Text is one of the key elements of any game and you can hardly find any game without it. Be it menu labels, instructions, or score, there are almost always pieces of text. Unfortunately graphics engines like OpenGL do not include text manipulation in their core API. Today start creating our own text rendering system to overcome this problem. This discussion is so long that I have no choice but to break this into parts. Today we only create a simple font. Next day we will discuss how we can use this font to draw text.

Background

There are two main approaches to displaying text in a 3D environment.

Outline fonts

In this method, an actual TrueType or another outline font format is used to create text. Glyphs (characters) in the font are actually converted into a series of polygons, and then rendered just like any other 3D object. This method has some advantages, namely that you can manipulate characters and transform them like any polygon, and you can create 3-dimensional embossed version of the text.
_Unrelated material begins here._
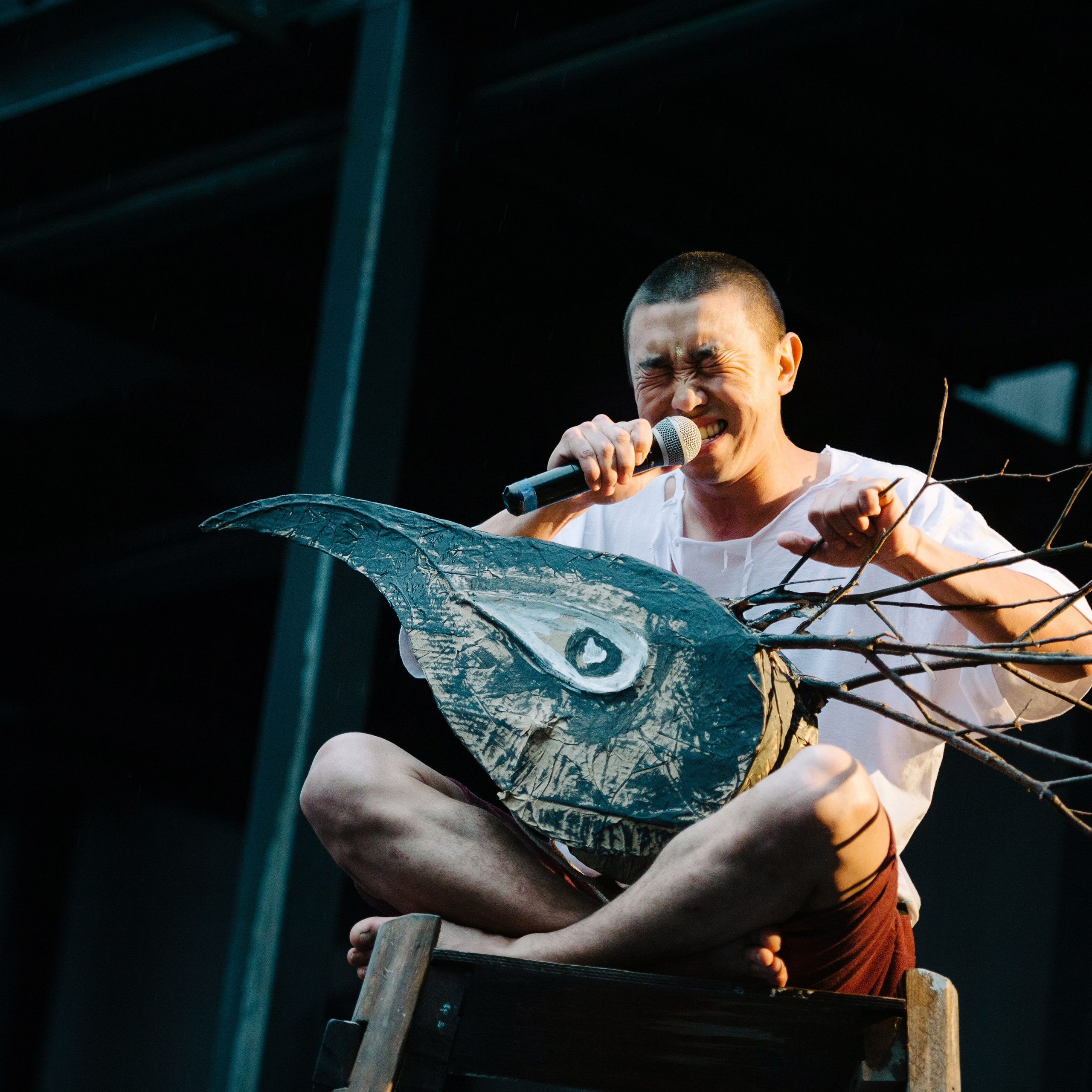 Перелетный спектакль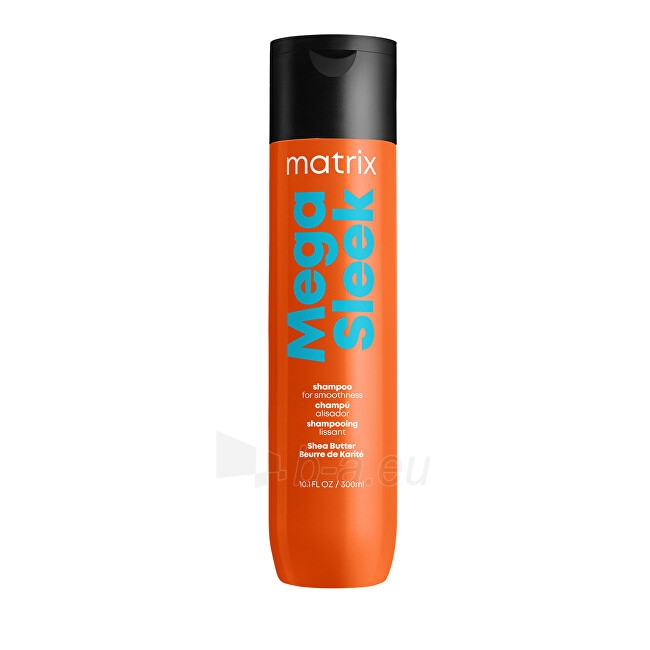 Plaukų šampūnas Matrix Smoothing Shampoo for unruly hair Total Results Sleek Mega 300 ml paveikslėlis 1 iš 9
However, if the characters are very detailed, your polygons can be large and rendering can take longer (unless you give up the details to some extent).

Outline Font
picture attributed to this article

Texture-mapped text

Using this method, glyphs are rendered onto a bitmap, which is later used as a texture to represent text. We talked about texture atlases in day 4. Now imagine an atlas that contains all possible characters of a specific font. Once we load such a texture, we can draw a full text by cutting pieces out of it and drawing them on simple rectangles. This is the basic idea behind this approach.